Enfants dans leur dernier visage

Le 6 avril est une date anniversaire douloureuse dans la région lyonnaise. Le 6 avril 1944, la Gestapo de Lyon commandée par Klaus Barbie, le tortionnaire de Jean Moulin, arrêtait à Yzieu, à la frontière entre les départements de l’Isère et de l’Ain, quarante-quatre enfants et leurs sept éducateurs au seul motif qu’ils étaient juifs. Quarante-deux des enfants et cinq des adultes furent gazés dans le camp de concentration d’Auschwitz-Birkenau. Des sept éducateurs, un seul retourna en France après la déportation. Onze mille enfants juifs de France ont été déportés durant la Deuxième guerre mondiale, et moins de cent sont revenus.

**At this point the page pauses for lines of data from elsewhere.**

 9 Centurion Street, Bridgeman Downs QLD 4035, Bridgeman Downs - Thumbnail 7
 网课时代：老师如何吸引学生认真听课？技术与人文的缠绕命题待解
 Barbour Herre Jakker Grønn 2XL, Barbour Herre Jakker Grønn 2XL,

Ces chiffres glacent. Cette note aussi, adressée le 6 juillet 1942 à Berlin par Théo Dannecker, le chef de la section anti-juive de la Gestapo en France, qui avertit ses supérieurs que “le président Laval a proposé, à l’occasion de la déportation des familles juives de la zone non occupée, de déporter également les enfants de moins de seize ans.”

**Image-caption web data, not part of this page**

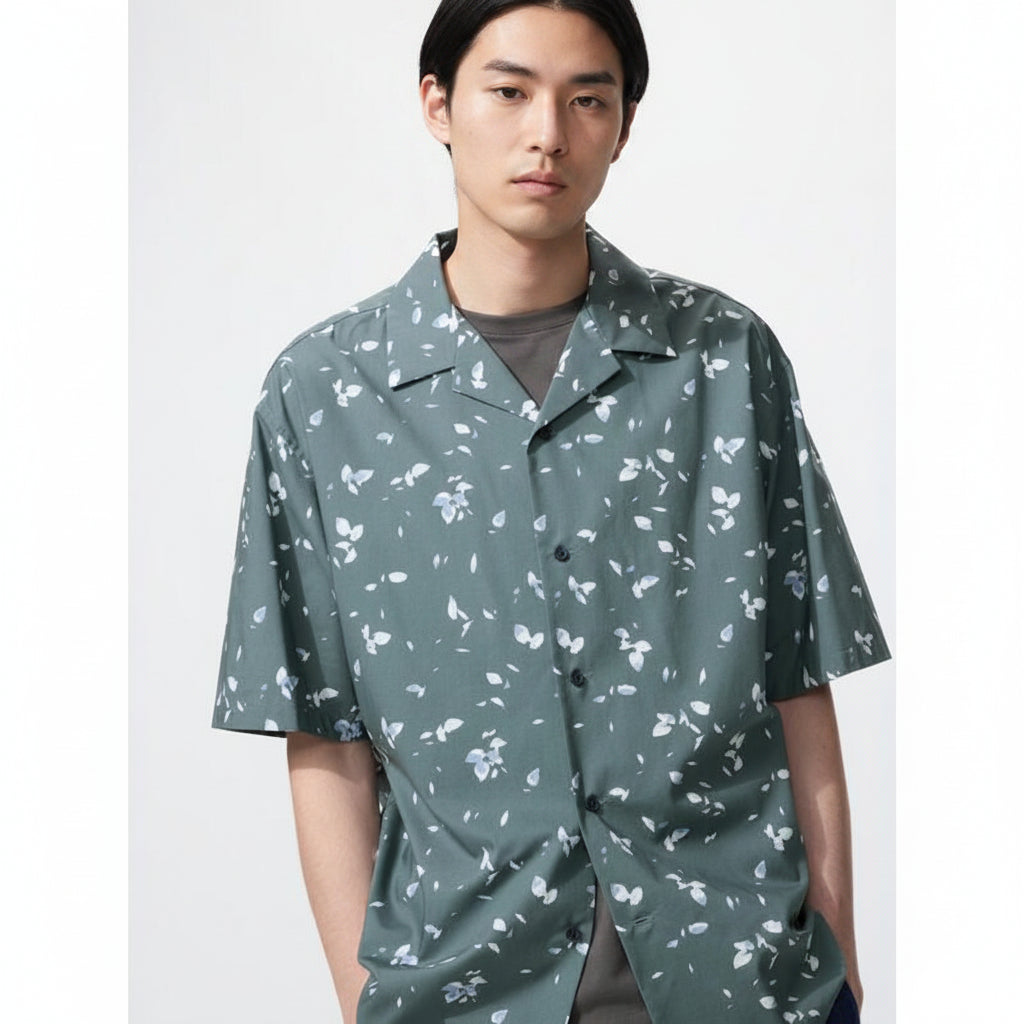 Uniqlo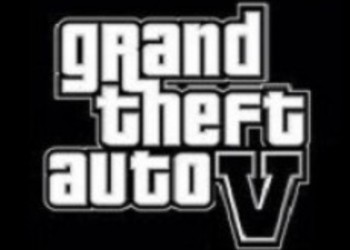 OXM: Grand Theft Auto V анонсируют 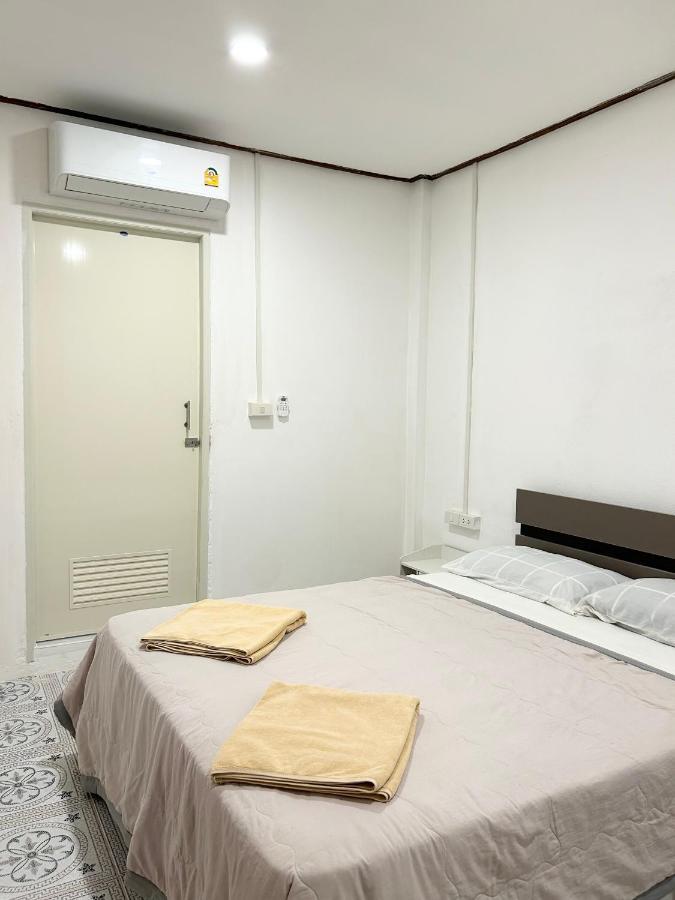 Holiday home Modern Sunset Sea House Lam Sai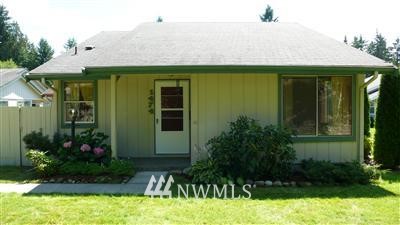 1474 Diamond Road Southeast Lacey, WA 98503 - Photo 1 of 1 Gallery Image 1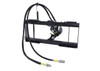 Skid Steer Auger Attachment 2" Hex Drive Model SE1400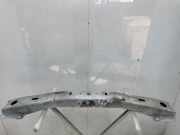 Stoßstangenträger Vorne 752108967R Opel Movano Chassis-Cabine 2.3 BiTurbo 16V (M9T-706(M9T-D7)) 2018-10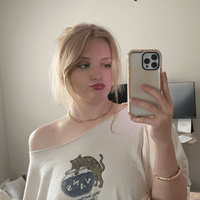 Lana Summer profile picture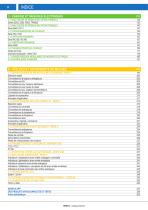 INTERFACES POUR L'AUTOMATISATION-8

J’ai visité récemment la maison des enfants d’Yzieu située dans le hameau de Lilenaz et transformée en lieu de mémoire. Tout y est ordonné gravement mais sans ostentation pour décrire le quotidien de ce refuge et lieu de vie brisé par l’irruption du Mal. Si n’était la dimension du drame, on observerait paisiblement, depuis le promontoire où elle est juchée, les reliefs du Bugey sertis de pierres blanches et de maisons aux toits débordant largement des façades. Le Rhône qui passe dans la vallée en profite pour dormir presque. Un paradis de la campagne française ! Les plus petits avaient cinq ans, le plus âgé dix-sept. Si vous passez par là, arrêtez-vous ! Ce n’est pas un lieu à décrire. C’est un lieu où entrer. Le regard et la pensée prennent la mesure d’un crime contre l’humanité. Travaux d’élèves, lettres d’enfants attendant de pouvoir retrouver un jour les leurs...

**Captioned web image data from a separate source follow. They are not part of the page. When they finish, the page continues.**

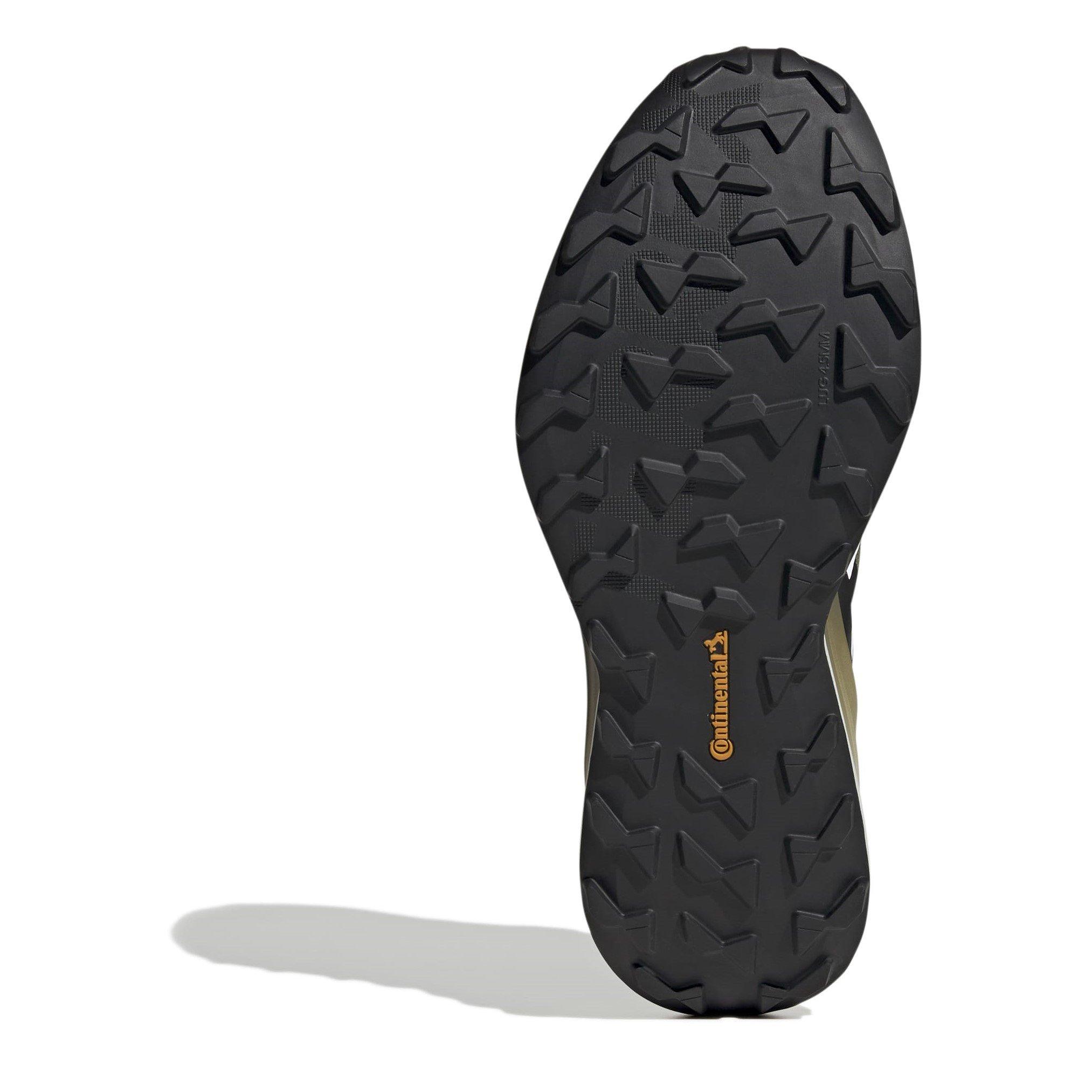 adidas Agravic Gore Tex Trail Running Shoes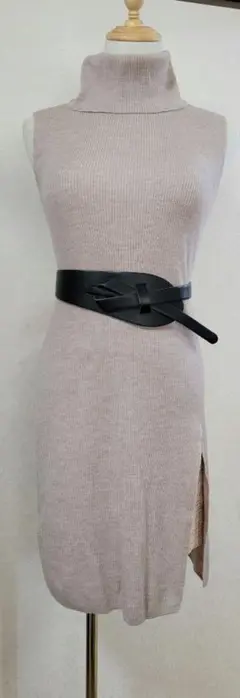 Item thumbnail for item 2fae13c5-a6e8-48c4-a1b5-f5b131227f8e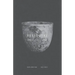 Reliquiae: Vol 9 No 1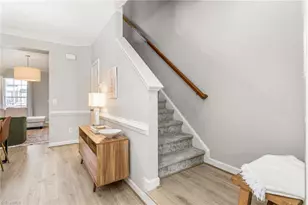 4007 Tarrant Trace Cir, High Point, NC 27357 - Photo 14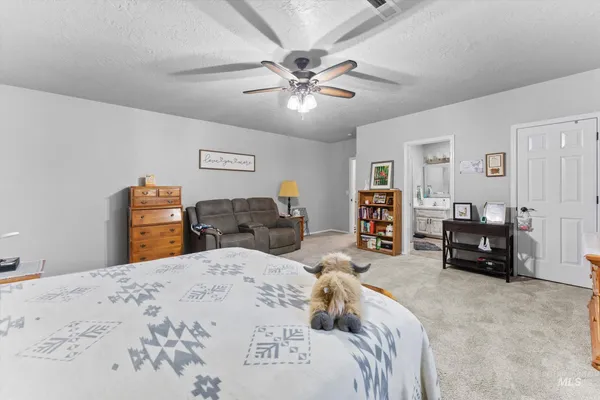 $499,000 | 1860 Bishop Court, Mountain Home, ID 83647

Je veux rappeler deux autres chapitres moins connus de l’histoire des enfants sacrifiés par la folle idéologie national-socialiste nazie; des enfants espagnols réfugiés en France. À Oradour-sur-Glane, village martyr incendié le 10 juin 1944, les bébés jumeaux Astor et Paquita Serrano Pardo figurent parmi les 642 personnes massacrées. Ils étaient nés l’année précédente à Limoges. Un événement singulier survint le 20 août 1940 à Angoulême (Charente): 927 républicains espagnols réfugiés, hommes et femmes de tous âges, enfants, furent embarqués dans un train pour le camp de concentration de Mauthausen. Il s’agit du premier convoi de civils partis de France pour les camps. Le convoi atteignit le camp autrichien le 24 août. 470 hommes furent sélectionnés, le plus jeune était âgé de 13 ans. Les autres furent renvoyés à Franco.

À Yzieu, on pense à tous ces enfants dans leur dernier visage. Yzieu, Oradour, Mauthausen.